In reality there are a few reasons for which we may still need to have gold data:
- Imbalanced datasets: When we have very imbalanced data sets, the estimation becomes more challenging. For imbalanced data, we need to quickly and preemptively test workers using data from all categories, rather than waiting for the occasional object from the minority category to appear. To give an example: if we monitor a security camera trying to detect the presence of people in prohibited areas, we want to ensure that the workers will be tested early on with images that have people in them. Otherwise it may take a long time to get a reliable estimate of their ability to classify correctly examples from the minority class.
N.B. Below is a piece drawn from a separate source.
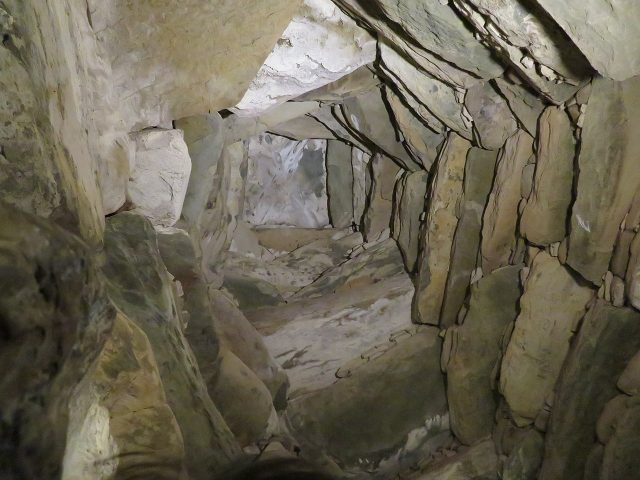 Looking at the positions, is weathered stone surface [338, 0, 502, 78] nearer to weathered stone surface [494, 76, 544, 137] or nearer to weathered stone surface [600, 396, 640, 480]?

- Very low quality of workers: When workers have very low quality, we need more workers per example and more labels per worker to replicate the results above. In this case, having gold data allows us quickly to get rid of the workers that do not meet quality standards. This is very useful on high-noise environments like the "unprotected" Amazon Mechanical Turk marketplace (by unprotected I mean without using qualification tests or other quality assurance mechanisms).
- Giving confidence to non-technical people: If you say that you test the workers with known examples, everyone understands the process. If you say that you rely on agreement between workers, or on latent class models ("what?") and on expectation maximization or Bayesian estimation ("come again?") , most people will start feeling uncomfortable. Everyone understands random tests, not everyone is willing to let unsupervised methods to direct the quality assurance process. So, even if the gold examples do not help much, it is a very reassuring factor for people that just want to know that there is a familiar, understandable, and easy-to-explain quality control mechanism in place.
- Calibrating results and giving feedback: One of the final reasons for having gold data is to be able to calibrate workers and give them feedback about the expected coding standards. For example, when rating pages as porn or not and into degrees of severity, different people have different levels of sensitivity. If we have enough "sensitive" workers in the workforce, we may end up with results that are consistent but shifted upwards in terms of severity. (Or vice versa if the coders are more tolerant, the results may be shifted downwards.) This can, incorrectly, give the impression that all data collected through crowdsourcing are wrong. However, if the final user of the data provides a few gold data as anchor points, the Dawid & Skene code gives back results that are more in line with expectations. At the same time, these gold data points can be used to give immediate feedback to the workers about their errors and implicitly direct them to use the expected rating guidelines and self-calibrate.
In practice, the last two reasons are often more important than the technical aspects of estimation. So, before starting any big crowdsourcing annotation project, spend some time and create some gold data. Or, alternatively, take a small dataset and label it using a large number of workers per example. Then verify the outcome, correct and calibrate some of the unexpected results, and run Dawid & Skene again. The generated data will be close enough to gold. Having such gold data will pay back the effort and cost multiple times during the overall process.